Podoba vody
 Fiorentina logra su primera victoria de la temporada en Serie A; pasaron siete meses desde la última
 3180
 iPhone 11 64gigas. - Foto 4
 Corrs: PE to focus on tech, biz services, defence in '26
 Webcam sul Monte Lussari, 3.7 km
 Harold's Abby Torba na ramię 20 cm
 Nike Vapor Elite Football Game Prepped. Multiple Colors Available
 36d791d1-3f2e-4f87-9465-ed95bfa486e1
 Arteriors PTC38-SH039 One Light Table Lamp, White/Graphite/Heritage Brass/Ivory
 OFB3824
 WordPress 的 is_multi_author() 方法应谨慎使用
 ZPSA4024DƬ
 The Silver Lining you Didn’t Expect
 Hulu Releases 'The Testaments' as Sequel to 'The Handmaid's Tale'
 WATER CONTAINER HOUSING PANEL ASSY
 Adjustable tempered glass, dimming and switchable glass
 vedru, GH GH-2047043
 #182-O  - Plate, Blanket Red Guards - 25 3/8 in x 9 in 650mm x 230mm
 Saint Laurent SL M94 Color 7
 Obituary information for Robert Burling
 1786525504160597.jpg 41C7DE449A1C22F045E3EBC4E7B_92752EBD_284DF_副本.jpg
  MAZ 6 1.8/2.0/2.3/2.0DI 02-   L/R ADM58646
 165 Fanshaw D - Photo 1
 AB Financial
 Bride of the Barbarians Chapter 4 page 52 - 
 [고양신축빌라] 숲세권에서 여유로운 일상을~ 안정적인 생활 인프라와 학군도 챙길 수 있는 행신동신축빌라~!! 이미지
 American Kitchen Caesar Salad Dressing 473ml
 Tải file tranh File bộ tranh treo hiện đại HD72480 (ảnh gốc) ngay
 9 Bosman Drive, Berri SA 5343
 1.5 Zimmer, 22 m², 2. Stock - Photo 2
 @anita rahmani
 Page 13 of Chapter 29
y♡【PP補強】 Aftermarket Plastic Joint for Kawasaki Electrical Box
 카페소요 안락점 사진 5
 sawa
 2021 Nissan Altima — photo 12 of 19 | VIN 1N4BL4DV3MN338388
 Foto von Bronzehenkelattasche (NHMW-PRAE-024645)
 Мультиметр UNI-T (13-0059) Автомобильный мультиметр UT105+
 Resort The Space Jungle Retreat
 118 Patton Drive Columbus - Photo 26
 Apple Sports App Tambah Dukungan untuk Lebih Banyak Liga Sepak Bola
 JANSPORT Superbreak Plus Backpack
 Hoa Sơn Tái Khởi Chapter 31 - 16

+ + + +

**EXERCISE OBJECTIVE:**
How many of the lines in the listing above hold the word "Foto"? Report only that figure.

**COMPLETED TASK:**
2